> _EXERCISE OBJECTIVE_:
Restate the entries below in full, exactly as they read, but without pictures.

> _PROVIDED DATA_:
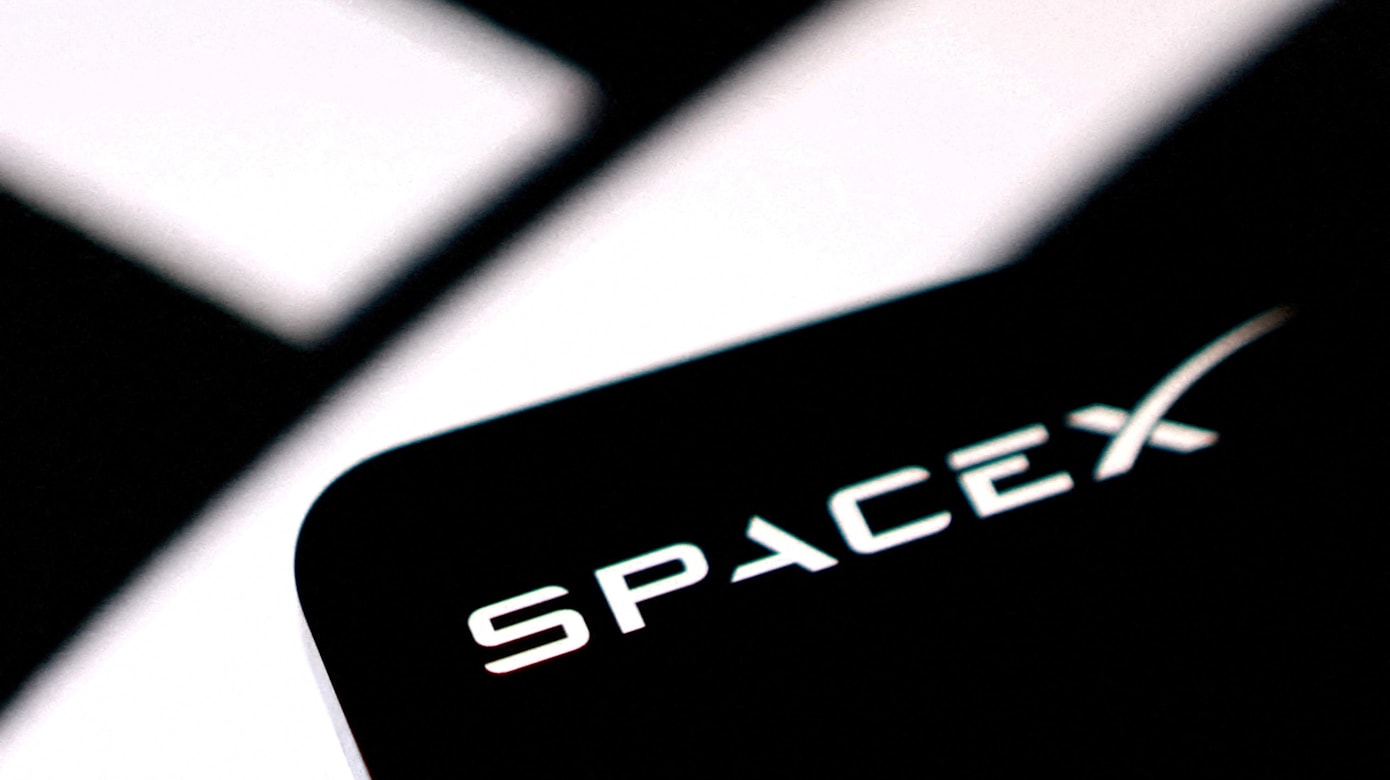 SpaceX业绩优于预期股价涨8% 马斯克暗示或与特斯拉合并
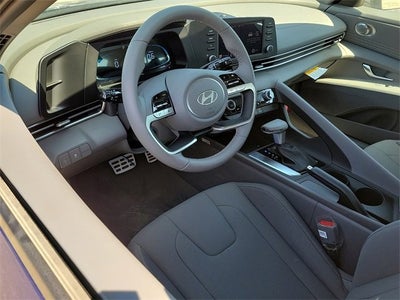 2025 Hyundai Elantra SEL Sport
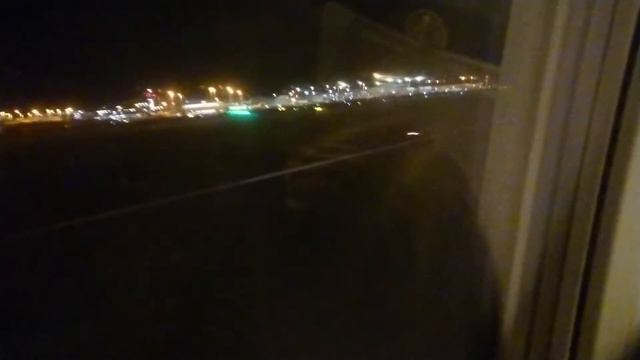 UIA Boeing 737-800 Take-off from Rome. смотреть онлайн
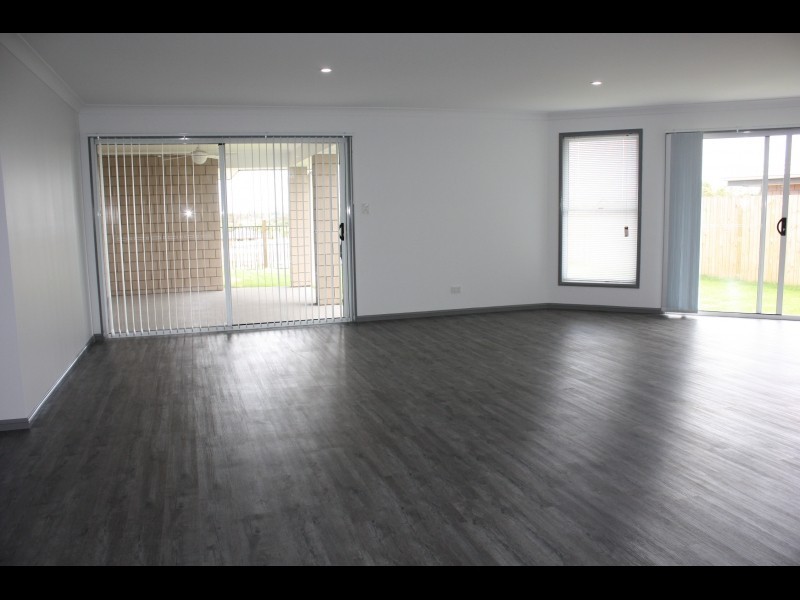 4 Hastings Avenue, Plainland QLD 4341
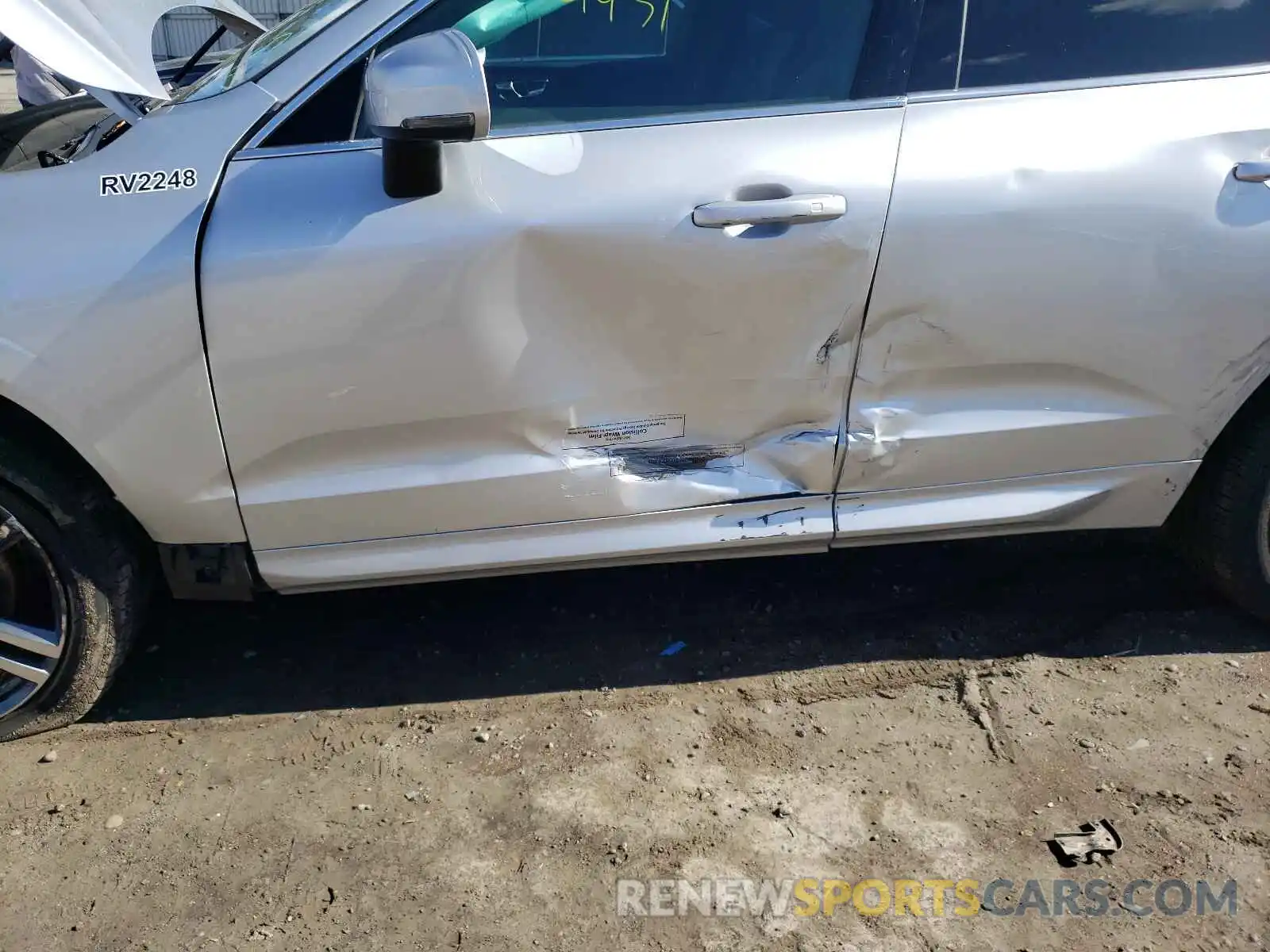 9 Photograph of a damaged car YV4102RK3M1715890 VOLVO XC60 2021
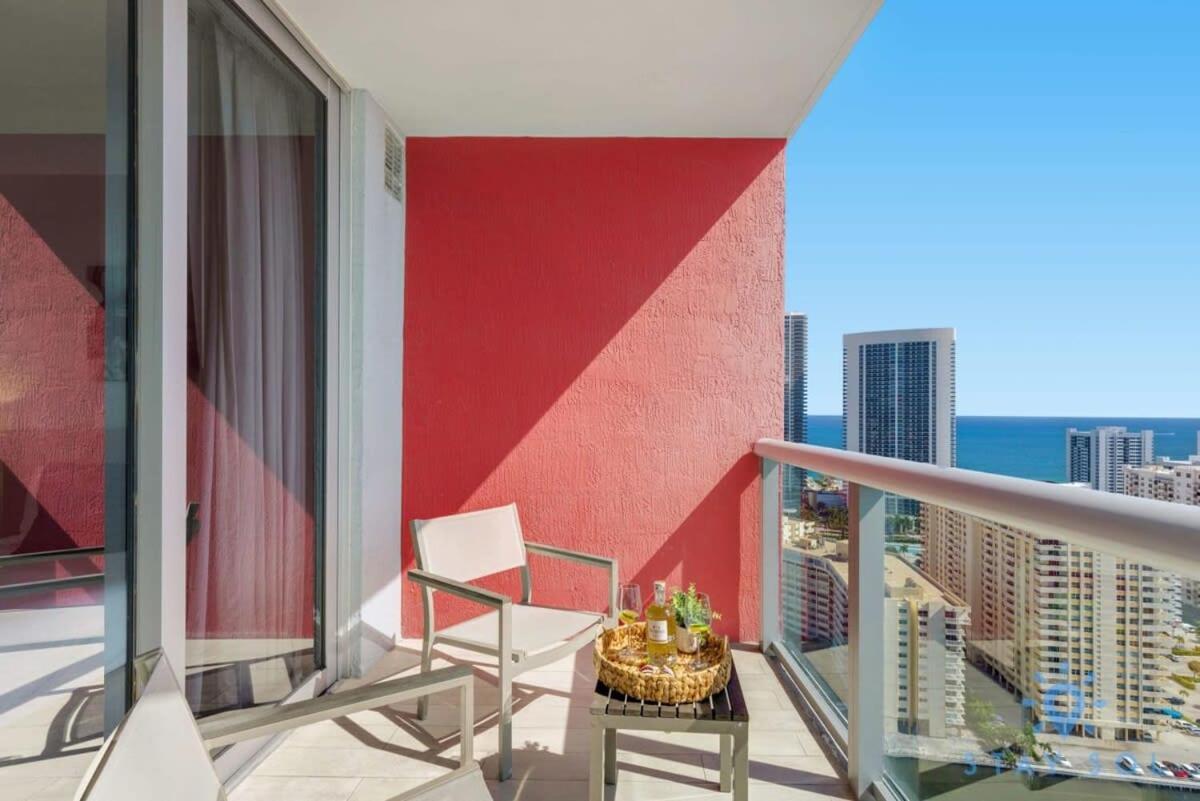 Amenities Balcony W Stunning Views-Beachfront Hallandale Beach Exterior photo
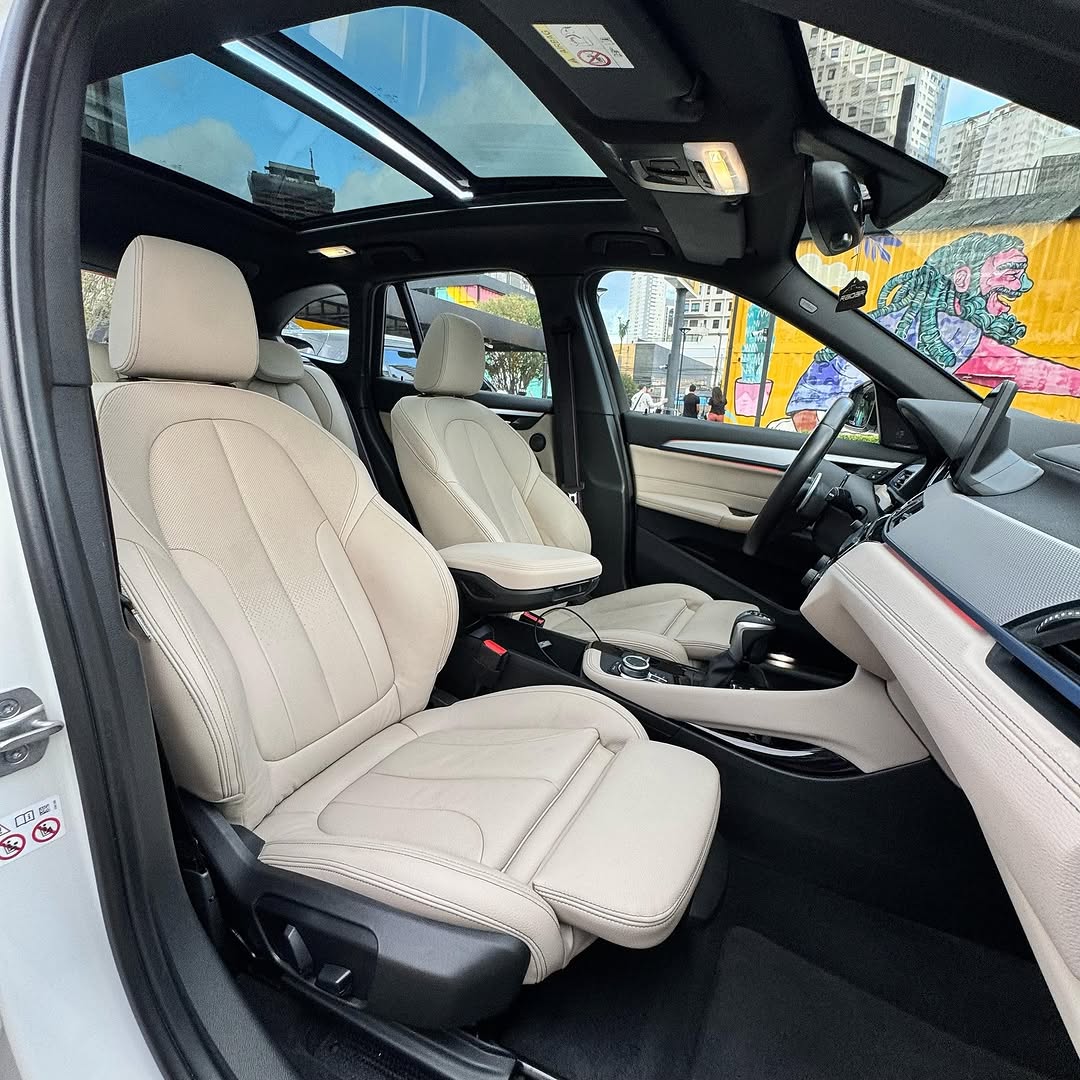 Imagem do Carro 8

> _EXERCISE OUTPUT_:
 SpaceX业绩优于预期股价涨8% 马斯克暗示或与特斯拉合并
 2025 Hyundai Elantra SEL Sport
 UIA Boeing 737-800 Take-off from Rome. смотреть онлайн
 4 Hastings Avenue, Plainland QLD 4341
 9 Photograph of a damaged car YV4102RK3M1715890 VOLVO XC60 2021
 Amenities Balcony W Stunning Views-Beachfront Hallandale Beach Exterior photo
 Imagem do Carro 8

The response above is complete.